同パーク内に、収容人数最大8400人の「SAGAアリーナ」を新時代のエンタメアリーナとして整備し、今年5月に開業した。今年度は、翌年に迫ったSAGA2024での活用を見据え、同アリーナで大規模なローカル5Gの実証事業を行う。
ローカル5Gの実証は映像・音声配信と、ロボットによる遠隔コミュニケーションの2本柱で行われる。前者では臨場感の高い映像を撮影するために、フィールドの至近距離にカメラを設置し、その映像・音声をローカル5Gで送信する。審判やベンチスタッフなどにカメラを装着させる案もある。

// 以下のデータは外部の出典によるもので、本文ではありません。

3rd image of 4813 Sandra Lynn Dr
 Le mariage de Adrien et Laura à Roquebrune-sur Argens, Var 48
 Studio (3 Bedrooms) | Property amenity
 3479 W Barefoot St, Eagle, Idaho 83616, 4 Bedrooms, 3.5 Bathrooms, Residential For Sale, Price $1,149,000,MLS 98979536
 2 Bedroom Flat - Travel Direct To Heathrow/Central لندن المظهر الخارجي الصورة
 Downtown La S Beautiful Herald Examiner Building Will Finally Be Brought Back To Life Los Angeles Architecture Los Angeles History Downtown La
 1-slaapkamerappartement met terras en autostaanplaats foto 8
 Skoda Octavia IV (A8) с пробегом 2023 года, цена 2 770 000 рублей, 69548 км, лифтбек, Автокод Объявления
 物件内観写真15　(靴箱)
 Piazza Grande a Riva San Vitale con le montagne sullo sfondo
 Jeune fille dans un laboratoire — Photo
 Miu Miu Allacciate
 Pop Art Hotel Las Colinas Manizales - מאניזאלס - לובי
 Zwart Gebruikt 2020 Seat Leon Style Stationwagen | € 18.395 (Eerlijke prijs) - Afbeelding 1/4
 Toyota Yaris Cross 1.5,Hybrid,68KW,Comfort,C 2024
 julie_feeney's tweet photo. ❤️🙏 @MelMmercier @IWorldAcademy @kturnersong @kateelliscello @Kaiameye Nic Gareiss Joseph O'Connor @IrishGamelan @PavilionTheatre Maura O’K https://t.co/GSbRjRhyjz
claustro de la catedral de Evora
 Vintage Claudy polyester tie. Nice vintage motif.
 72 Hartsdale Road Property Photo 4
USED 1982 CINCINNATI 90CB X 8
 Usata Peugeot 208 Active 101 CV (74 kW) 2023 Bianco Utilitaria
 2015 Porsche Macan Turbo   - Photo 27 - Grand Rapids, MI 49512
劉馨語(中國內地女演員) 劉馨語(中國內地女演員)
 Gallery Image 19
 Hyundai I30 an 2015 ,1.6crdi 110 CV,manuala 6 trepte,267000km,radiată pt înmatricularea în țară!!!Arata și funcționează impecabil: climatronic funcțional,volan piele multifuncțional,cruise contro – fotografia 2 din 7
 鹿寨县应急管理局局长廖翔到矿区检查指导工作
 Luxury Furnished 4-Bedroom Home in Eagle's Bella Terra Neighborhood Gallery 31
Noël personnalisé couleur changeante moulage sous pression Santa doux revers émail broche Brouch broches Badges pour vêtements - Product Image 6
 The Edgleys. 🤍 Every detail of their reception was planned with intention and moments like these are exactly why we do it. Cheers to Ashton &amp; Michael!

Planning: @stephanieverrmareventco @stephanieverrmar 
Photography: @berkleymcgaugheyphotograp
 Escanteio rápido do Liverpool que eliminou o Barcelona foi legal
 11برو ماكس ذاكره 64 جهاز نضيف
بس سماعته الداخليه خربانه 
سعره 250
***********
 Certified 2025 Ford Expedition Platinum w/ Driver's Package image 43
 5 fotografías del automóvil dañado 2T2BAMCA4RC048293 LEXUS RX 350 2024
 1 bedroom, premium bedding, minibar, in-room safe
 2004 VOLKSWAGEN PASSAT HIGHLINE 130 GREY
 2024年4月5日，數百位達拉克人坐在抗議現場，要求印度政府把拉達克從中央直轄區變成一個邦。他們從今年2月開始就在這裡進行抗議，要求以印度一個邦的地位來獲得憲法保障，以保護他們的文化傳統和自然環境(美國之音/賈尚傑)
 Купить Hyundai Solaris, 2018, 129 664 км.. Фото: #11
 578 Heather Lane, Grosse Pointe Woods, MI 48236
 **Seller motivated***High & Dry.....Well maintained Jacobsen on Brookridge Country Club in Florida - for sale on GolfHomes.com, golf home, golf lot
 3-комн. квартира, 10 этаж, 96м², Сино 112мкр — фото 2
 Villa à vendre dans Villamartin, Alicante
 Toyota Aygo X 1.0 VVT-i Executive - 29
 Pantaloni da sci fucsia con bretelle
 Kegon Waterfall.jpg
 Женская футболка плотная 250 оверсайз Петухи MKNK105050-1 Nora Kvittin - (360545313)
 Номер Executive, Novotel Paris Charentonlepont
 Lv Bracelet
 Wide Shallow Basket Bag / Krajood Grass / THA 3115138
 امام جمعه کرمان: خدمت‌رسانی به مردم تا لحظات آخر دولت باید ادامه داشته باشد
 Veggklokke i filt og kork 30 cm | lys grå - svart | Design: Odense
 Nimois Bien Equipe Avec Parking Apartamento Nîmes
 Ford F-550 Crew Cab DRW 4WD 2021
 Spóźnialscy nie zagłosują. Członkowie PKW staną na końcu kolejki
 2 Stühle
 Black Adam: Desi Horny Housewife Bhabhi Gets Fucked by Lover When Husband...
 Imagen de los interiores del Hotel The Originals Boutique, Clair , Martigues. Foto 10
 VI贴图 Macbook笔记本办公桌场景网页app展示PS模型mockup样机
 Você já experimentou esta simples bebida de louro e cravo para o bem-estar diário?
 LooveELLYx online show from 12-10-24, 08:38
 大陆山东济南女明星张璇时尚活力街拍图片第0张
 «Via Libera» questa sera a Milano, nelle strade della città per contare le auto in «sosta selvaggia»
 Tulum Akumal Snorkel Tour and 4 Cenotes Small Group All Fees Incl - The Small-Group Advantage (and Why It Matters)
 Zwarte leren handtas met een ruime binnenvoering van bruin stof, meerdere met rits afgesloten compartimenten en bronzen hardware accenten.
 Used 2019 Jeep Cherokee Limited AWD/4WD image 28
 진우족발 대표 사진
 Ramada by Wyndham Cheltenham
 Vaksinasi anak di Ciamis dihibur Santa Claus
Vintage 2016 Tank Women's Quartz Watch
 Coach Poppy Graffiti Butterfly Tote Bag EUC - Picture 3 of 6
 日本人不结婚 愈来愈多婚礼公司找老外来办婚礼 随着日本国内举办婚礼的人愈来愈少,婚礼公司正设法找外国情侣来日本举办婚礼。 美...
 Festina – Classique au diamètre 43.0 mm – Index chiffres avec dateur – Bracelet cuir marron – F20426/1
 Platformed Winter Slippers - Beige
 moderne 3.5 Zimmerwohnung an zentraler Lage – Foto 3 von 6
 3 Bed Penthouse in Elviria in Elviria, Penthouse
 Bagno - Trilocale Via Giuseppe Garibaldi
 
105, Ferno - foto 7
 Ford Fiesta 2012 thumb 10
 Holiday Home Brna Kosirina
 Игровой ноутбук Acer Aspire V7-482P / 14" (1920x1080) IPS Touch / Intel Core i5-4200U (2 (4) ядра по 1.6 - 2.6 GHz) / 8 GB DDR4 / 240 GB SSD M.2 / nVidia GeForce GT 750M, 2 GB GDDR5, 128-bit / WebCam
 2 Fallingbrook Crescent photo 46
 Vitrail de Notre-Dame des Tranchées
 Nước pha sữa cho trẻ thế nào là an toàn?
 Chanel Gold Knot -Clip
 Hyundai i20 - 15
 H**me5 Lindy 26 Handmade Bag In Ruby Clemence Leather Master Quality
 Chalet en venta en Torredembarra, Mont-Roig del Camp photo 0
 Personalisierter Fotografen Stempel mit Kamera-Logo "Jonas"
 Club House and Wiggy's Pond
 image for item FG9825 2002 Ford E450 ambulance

映像は一般来場客が手元のスマートフォンで視聴することを想定する。テレビ放送やインターネット配信に活用することもできる。マルチアングル映像やスタッツなどの情報を見たり、遅延のない実況やルール解説を聞いたりなど、様々な角度でスポーツを楽しむことが期待される。このとき、観客はアリーナに敷設されたWi-Fi 6準拠の高密度Wi-Fiに接続する。業務利用するローカル5Gと完全に役割を分け、輻輳を防ぐ。
遠隔コミュニケーションについては、ロボットを遠隔操作して離れた場所からスムーズに参加できるかどうかを実証する。
アリーナ内には有線LAN、Wi-Fiも整備されているが、実証にローカル5Gを用いるのは高速・低遅延に加え、ケーブルレスによる移動の自由さが大きな理由だ。迫力ある映像撮影や、施設内を移動するロボットの操作には両方が不可欠だからだ。
佐賀県 政策部 政策企画監の鷲崎和徳氏は、「ローカル5Gを“普段使い”にするには、実績を積み上げることが何より大切」と力を込める。アリーナはプロスポーツチームの本拠地でもあり、また、コンサートや交流会、MICEなど幅広く活用されており、実績づくりの機会は豊富だ。
スポーツの力で地域振興を実現するには、ローカル5Gが欠かせない。